I just stared at him.  I hadn’t slept in a day, I was trying to record a masterpiece on the worst equipment in the world, I had microphones hanging from the ceiling, I hadn’t showered, I had an egotistical guitar player and a prima donna singer who thought they were Van Halen, and I had to find Pez.

It took about an hour.  Apparently, in 1992, there was some great Pez shortage or something that made it impossible to find anywhere but in the cheapest, nastiest dollar store in East Hartford.  But I found it, gave it to Joe the Singer, and started driving back to campus.

“What are we going to name the CD?” Andy asked on the way back.

“Four Grown Men on a Quest for Pez,” responded Joe.

We got back to the studio and went inside.  Art was in the control room, listening to what we had recorded that morning.  Art is a pro.  So when he said “You got this drum sound here?!” I figured we were doing well.  We listened through the two tracks once, while Joe the Singer dimmed all the lights in the studio so he could set the mood for singing.  Then, he reached into his knapsack and pulled out two circular saw blades and two pieces of plastic hose, about three feet long.

“What’s that?” I asked.

“Sound effects.”  He began whipping the hose around in circles, creating a whistling noise.  “For the songs.”

“The songs don’t have sound effects,” I explained.

“They do,” he countered.

“We don’t have any tracks left for sound effects,” I continued.  “We have one track left, for vocals.”

He hit the saw blade with a drumstick, making a ringing sound.

“If you’re recording sound effects,” I said, “You’re recording it with the same microphone, on the same track, as your vocals.”

We went through “Through the Eyes of the Dragon” once, complete with ringing circular saw blades (that sounded oddly cool, much as it pained me to admit), and then Joe lethargically sang the song.  I asked him to sing it again.  Two or three times we went through it, with Joe sounding as if he was falling asleep each time.

“Dude, do you think you could sing the song with a little energy?” I asked.

“That’s how I sing,” he replied.

“That’s not how you sing when I see you live.  Live, you put your heart into the song.  Let’s hear your voice crack a little.  Let’s hear you put some emotion into the song.”

“The emotion is in the lyrics.  I prefer to let the focus be on the lyrics.”

Through the Eyes of the Dragon is the name of this song.

“Have you ever heard Pearl Jam?” I asked.  It was still early 1992, Pearl Jam was not a big band at all.

“Sure,” he answered.

“Do you like them?” I asked.

“They’re awesome.”

“What’s the singer’s name?” I asked him.

“Eddie Vedder.”  I didn’t know the name of Pearl Jam’s singer.  

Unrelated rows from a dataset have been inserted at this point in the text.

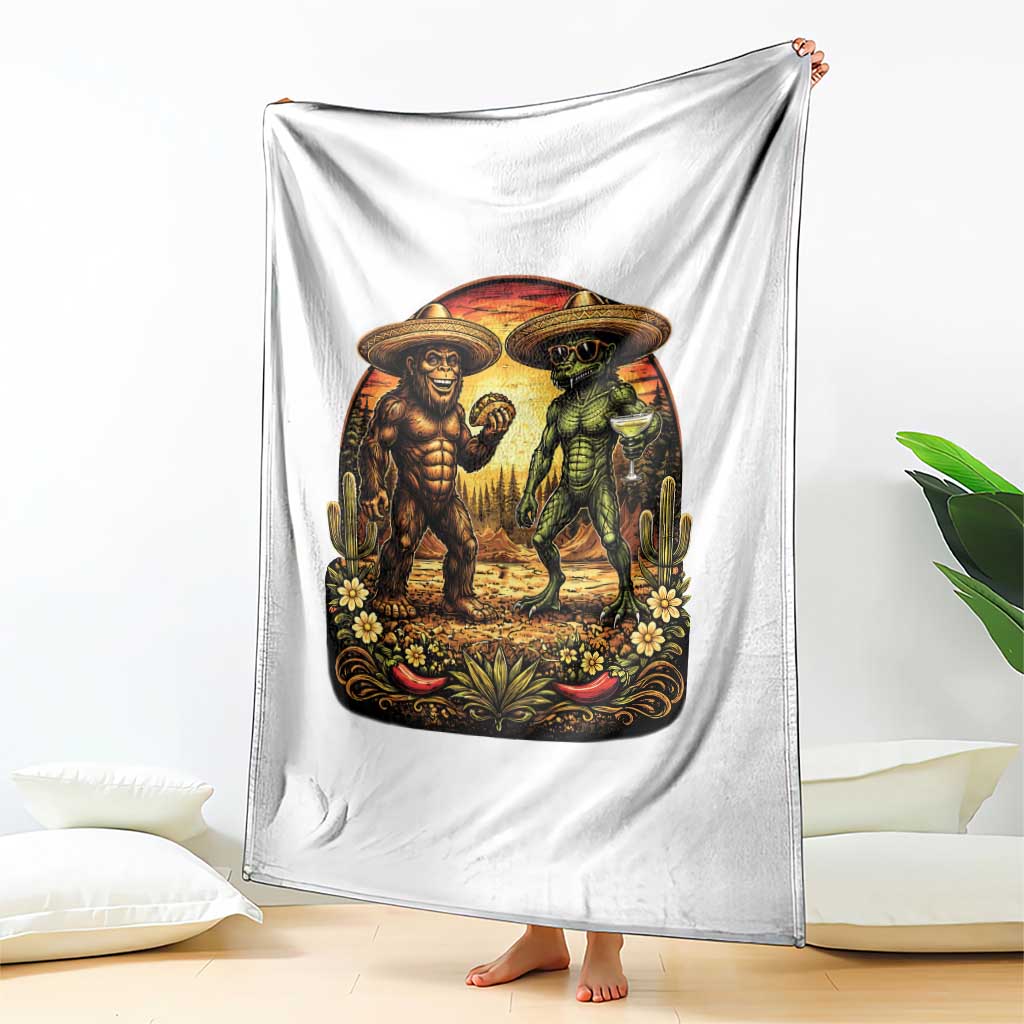 Funny Bigfoot Chupacabra Cinco De Mayo Throw Blanket Cryptid Lover Gift TS12 Print Your Wear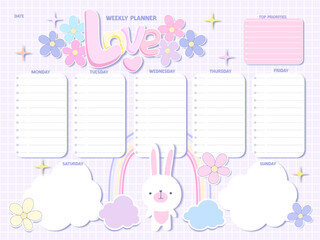 Cute inspiration notepaper kawaii design printable .  White pink pages for tags , weekly notes,  to do list minimal style with flowers Slogan love rainbow cute animals characters 
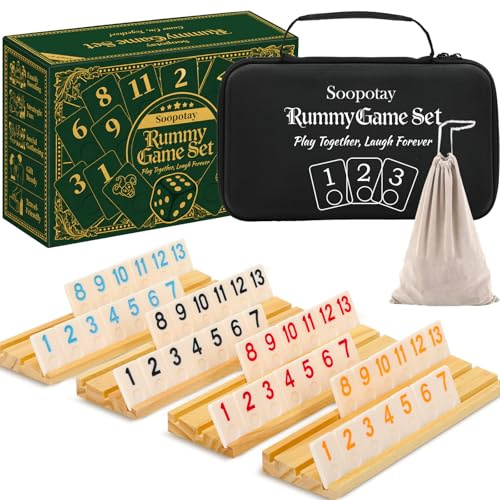 SOOPOTAY Rummy Cup Brettspiel Für 2–4 Spieler – 106 Melamin-Fliesen, 4 Holzhalter, Premium-Koffer & Beutel – Reisespiel für Erwachsene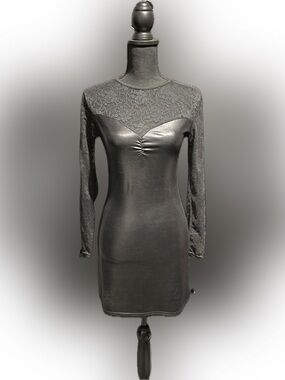 Coquette Wet Look Bodycon Dress with Lace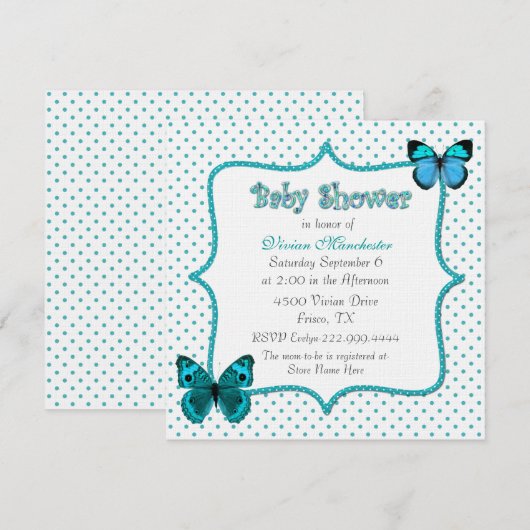 Baby shower van poladots en Butterflies Kaart (Voorkant / Achterkant)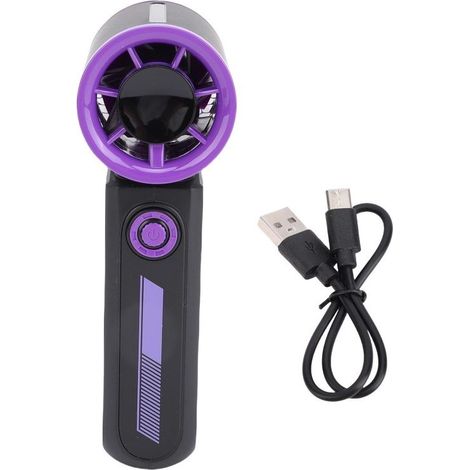 Ventilateur turbo portable à main, 100 vitesses, affichage numérique, batterie rechargeable 3600 mAh, idéal pour les voyages, le camping et les activités de plein air (violet). (1/5)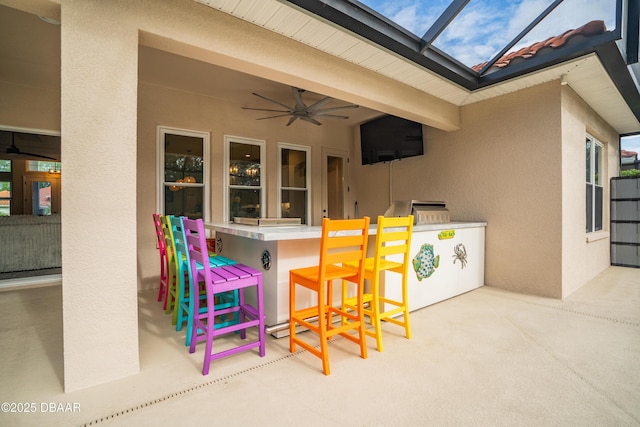 150 Portofino Blvd, New Smyrna Beach, FL 32168 - view of patio with a ceiling fan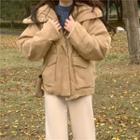 Fleece Trim Zip-up Jacket Khaki - One Size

“Do you know that song ‘Once’?” I asked.  “In that song, he’s singing the chorus, and his voice is straining with everything he’s got.  At the end of that song as he’s going through the chorus, the voice is more powerful than the rest of the band.  He’s putting everything he’s got into that vocal.”

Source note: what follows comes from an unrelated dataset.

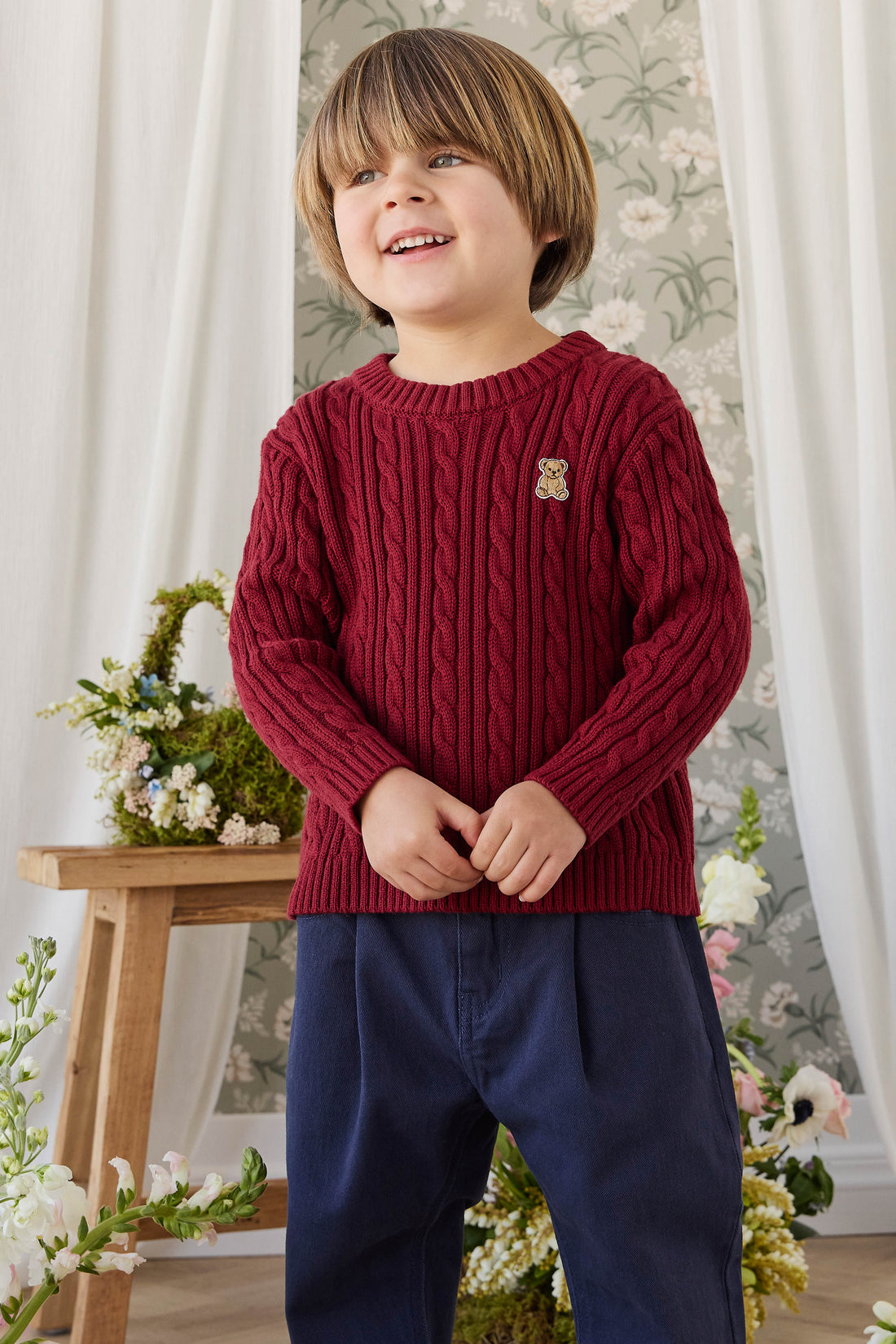 Richard Knit Jumper - Cherry Childrens Jumper from Jamie Kay Australia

“Oh, okay, I get it,” he said.  “That’s a cool song.  I’ll try harder.”

We did it again and again.  The other guys in the band disappeared, came back, disappeared again.  Andy pulled Joe the Singer out of the studio and yelled at him.  Art pulled me aside and said “I need to leave.  If I don’t get out of here, I’m going to beat these guys senseless.”  Rich left.  We ordered pizza and ate dinner.  

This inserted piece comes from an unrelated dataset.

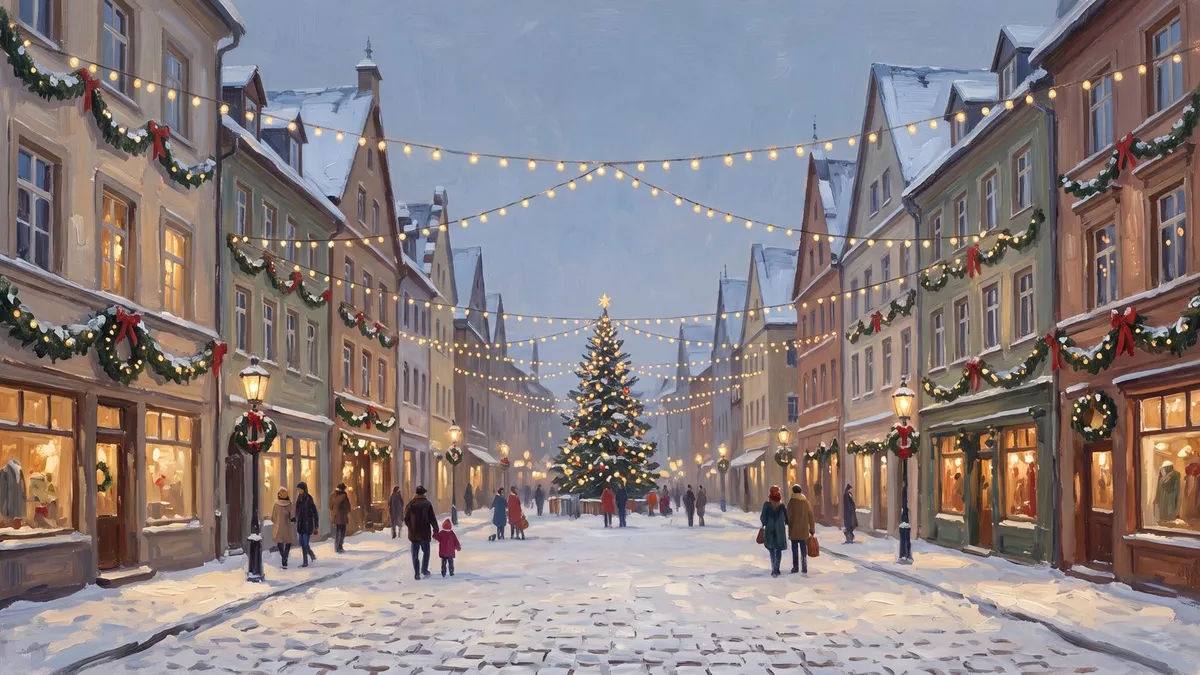 European Christmas Village Square shown on your frame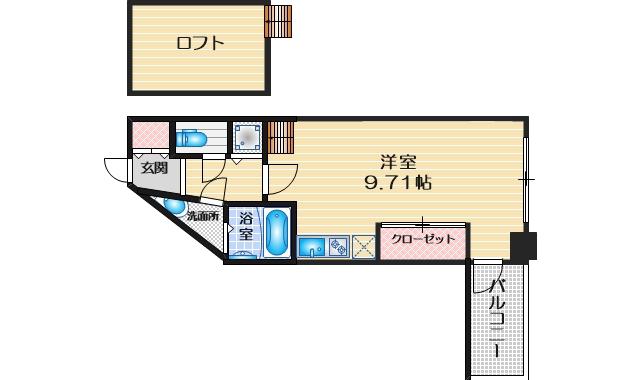 フォレステージュ江坂垂水町(ワンルーム/5階)の間取り写真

Finally, we got it down.  Two songs.  An entire day.  

The band started breaking down their equipment and Walt started cleaning up the studio – which was a disaster.  Meanwhile, Rich and I played the song back over and over, adjusting settings and trying to get it to sound just right.  

It was getting late when we finally finished up.  And then I realized that I had forgotten to put the song on a cassette tape to listen to in the car.  So quickly I grabbed a blank tape from the production studio and popped it into the tape deck.  I ran off a quick copy, and then a second, wrote “Four Grown Men on a Quest for Pez” on both, and handed one to Sweetcakes.

He was exhausted, and he had tried really hard to keep things together all day.  He realized that his band made things really difficult, and he apologized.  “I’m going to leave.” He said.  “I’ll talk to them in the car.”  With that, they left.

As soon as they walked out the door, Rich looked at me and said “We can’t work with them.”

“I know,” I said.

They weren’t bad guys.  They weren’t even a bad band.  The experience was miserable, but I think they were just having fun with it.  But I was tired, and cranky, and not ready to come to grips with the fact that this was a big mistake.

We listened to the tape in silence on the way home.  I had messed up the recording levels on the tape deck, and the recording sounded horrifically muddy and low.  It was a shame, because the reel tape sounded so great.  It was also a shame because I knew that it was very unlikely that I’d ever listen to that reel tape again.

I’m writing this in early 2009, and I still haven’t taken the reel tape out of its box since that night at Hartford.  It sits in a box in my attic, nicely labeled “Wretched Soul – Four Grown Men on a Quest for Pez.”  

The next day Sweetcakes called me.  I expected him to tell me that the band was sorry about the way things turned out.  Instead he told me that they decided they didn’t want to put out a CD on our label.  He explained that he was really into it, but the other guys, not so much.

Saved me the trouble of having to say the same thing to him.  I really liked him, and I hate pissing off people I really like.

Tonight I dug around for the “Pez” tape.  Unfortunately, while I found the cover, inside it was a Third Eye Blind cassingle.  I bought it for my son when he was a baby, because he really liked the “Doot doot doot” in the chorus.  Somehow it took the place of my Wretched Soul tape.  Which is a metaphor for a lot of things.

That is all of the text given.